By The Red Hook WaterStories team

“No man ever, perhaps, got so much the best of old Beard as did Louis Heineman, the housemover of the Twelfth ward.”

(The Brooklyn Daily Eagle, July 19, 1891)

When Louis Heineman died in 1904, he was reportedly 104 years old, and likely the oldest man in Red Hook if not all of Brooklyn.

According to accounts written around the time of his death he came to Red Hook around 1820 from Germany and built a home, surround by stables and a storehouse, on a little sandbank, near what would become the foot of Columbia Street – but before it existed.

There he bred hunting dogs and shot wild ducks and wild geese in the marsh from the windows of his home.

To his east was a millpond.
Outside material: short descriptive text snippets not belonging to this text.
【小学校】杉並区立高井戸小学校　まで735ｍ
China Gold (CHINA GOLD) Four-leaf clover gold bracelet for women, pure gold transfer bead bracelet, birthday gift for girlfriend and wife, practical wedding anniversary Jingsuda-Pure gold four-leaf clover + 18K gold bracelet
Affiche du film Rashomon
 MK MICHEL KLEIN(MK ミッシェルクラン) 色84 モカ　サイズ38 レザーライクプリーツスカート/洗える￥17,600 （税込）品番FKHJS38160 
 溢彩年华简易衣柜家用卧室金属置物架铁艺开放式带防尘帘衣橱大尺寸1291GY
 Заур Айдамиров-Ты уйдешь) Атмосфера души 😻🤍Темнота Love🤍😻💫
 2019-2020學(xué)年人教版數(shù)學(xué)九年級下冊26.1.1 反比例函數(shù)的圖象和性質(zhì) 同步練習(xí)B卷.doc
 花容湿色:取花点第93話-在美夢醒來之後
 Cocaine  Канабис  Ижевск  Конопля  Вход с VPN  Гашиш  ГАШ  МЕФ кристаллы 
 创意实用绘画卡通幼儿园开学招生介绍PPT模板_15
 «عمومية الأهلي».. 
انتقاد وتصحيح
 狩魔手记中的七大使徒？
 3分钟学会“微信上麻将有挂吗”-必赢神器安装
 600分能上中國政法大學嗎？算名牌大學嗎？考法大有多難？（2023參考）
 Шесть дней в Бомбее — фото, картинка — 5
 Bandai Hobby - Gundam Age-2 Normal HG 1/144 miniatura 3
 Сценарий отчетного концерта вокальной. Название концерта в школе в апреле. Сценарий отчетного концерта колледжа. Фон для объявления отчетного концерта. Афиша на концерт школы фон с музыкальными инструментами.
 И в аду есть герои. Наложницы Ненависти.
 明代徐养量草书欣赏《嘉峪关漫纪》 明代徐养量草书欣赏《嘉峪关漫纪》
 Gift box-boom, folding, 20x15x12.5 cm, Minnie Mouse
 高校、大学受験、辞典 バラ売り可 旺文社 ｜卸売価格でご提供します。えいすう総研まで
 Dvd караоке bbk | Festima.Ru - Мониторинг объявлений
In 1852, he opened a tavern on his homestead, popularly known as “the Beach Tavern.”  Later he closed the tavern and became a house-mover (literally, a mover of buildings.)

The location of Heineman’s house was a thorn in William Beard’s side and his plans to build Erie Basin and surrounding warehouses.

The Brooklyn Daily Eagle, April 2, 1904, reported that Beard could not use legal means to get rid of Heineman and his house because Heineman had paid his taxes for a sufficient period of time to give him a title to the land.  Heineman was known to be friends with several judges and other influential people but according to the Eagle, Heineman claimed the main reason he bested Beard in court was that:

“There was a secret between me and Billy Beard”
I swore “I would let the cat out of the bag, and that either Beard or myself would go to state prison”
“I never told it to anyone and never will.”

Heineman eventually relocated to nearby plots of land provided by Beard, living out the rest of his long life at 580 Columbia Street. The location is now a New York City Park.

Late in his life, Louis Heineman reminisced about William Beard:

We used to fight.  I remember once setting the dogs at him, and I often threatened to shoot him when he used to be bothering me about the place.  He was a good fellow, though.  I once got a contract to move a lighthouse down at Sandy Hook but they would not let me go to work without $24,000 security.  I went to Billy and told him.  He never said a word but wrote a check for the money and gave it to me to deposit as security.